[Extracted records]
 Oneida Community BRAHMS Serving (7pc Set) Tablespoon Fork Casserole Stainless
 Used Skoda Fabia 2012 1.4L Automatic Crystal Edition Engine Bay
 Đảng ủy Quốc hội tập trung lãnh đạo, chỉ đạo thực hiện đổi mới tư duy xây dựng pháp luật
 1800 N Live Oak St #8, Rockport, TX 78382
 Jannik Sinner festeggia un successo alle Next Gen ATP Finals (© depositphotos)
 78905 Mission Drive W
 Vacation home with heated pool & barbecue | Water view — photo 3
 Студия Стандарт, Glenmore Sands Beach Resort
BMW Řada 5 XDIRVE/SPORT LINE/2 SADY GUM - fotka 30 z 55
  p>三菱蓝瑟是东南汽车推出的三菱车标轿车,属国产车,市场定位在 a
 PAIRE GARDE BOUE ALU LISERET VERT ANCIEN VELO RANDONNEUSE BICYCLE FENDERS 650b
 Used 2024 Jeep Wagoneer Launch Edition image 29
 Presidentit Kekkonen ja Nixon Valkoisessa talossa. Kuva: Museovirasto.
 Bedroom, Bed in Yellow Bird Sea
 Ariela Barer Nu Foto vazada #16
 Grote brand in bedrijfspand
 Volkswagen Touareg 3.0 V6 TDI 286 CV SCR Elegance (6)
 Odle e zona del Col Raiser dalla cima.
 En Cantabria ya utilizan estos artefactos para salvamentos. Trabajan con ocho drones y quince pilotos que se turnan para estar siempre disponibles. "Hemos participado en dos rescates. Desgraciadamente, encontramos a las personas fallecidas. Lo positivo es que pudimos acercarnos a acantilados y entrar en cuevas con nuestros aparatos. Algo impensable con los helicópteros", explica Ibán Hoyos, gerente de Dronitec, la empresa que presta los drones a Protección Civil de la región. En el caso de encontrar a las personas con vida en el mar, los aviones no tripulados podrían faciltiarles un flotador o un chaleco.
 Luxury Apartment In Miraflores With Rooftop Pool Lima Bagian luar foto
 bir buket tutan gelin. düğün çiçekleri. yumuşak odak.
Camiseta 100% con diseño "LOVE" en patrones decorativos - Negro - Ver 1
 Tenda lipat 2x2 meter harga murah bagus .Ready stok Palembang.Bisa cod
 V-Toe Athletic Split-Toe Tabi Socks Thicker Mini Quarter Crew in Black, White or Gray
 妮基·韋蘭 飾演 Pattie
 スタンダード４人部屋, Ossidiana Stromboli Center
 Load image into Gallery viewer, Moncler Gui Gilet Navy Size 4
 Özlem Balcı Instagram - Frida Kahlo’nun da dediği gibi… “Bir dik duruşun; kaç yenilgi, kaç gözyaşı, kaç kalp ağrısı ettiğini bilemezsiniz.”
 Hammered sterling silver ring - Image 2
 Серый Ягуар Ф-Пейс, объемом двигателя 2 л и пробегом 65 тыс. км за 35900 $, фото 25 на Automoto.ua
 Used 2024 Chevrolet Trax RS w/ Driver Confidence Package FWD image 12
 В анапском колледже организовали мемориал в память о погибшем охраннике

TASK INSTRUCTIONS: Please transcribe the data exactly from its first line. End with the line that contains "Odle e zona del Col Raiser dalla cima.".

REPLY TO THE TASK:
 Oneida Community BRAHMS Serving (7pc Set) Tablespoon Fork Casserole Stainless
 Used Skoda Fabia 2012 1.4L Automatic Crystal Edition Engine Bay
 Đảng ủy Quốc hội tập trung lãnh đạo, chỉ đạo thực hiện đổi mới tư duy xây dựng pháp luật
 1800 N Live Oak St #8, Rockport, TX 78382
 Jannik Sinner festeggia un successo alle Next Gen ATP Finals (© depositphotos)
 78905 Mission Drive W
 Vacation home with heated pool & barbecue | Water view — photo 3
 Студия Стандарт, Glenmore Sands Beach Resort
BMW Řada 5 XDIRVE/SPORT LINE/2 SADY GUM - fotka 30 z 55
  p>三菱蓝瑟是东南汽车推出的三菱车标轿车,属国产车,市场定位在 a
 PAIRE GARDE BOUE ALU LISERET VERT ANCIEN VELO RANDONNEUSE BICYCLE FENDERS 650b
 Used 2024 Jeep Wagoneer Launch Edition image 29
 Presidentit Kekkonen ja Nixon Valkoisessa talossa. Kuva: Museovirasto.
 Bedroom, Bed in Yellow Bird Sea
 Ariela Barer Nu Foto vazada #16
 Grote brand in bedrijfspand
 Volkswagen Touareg 3.0 V6 TDI 286 CV SCR Elegance (6)
 Odle e zona del Col Raiser dalla cima.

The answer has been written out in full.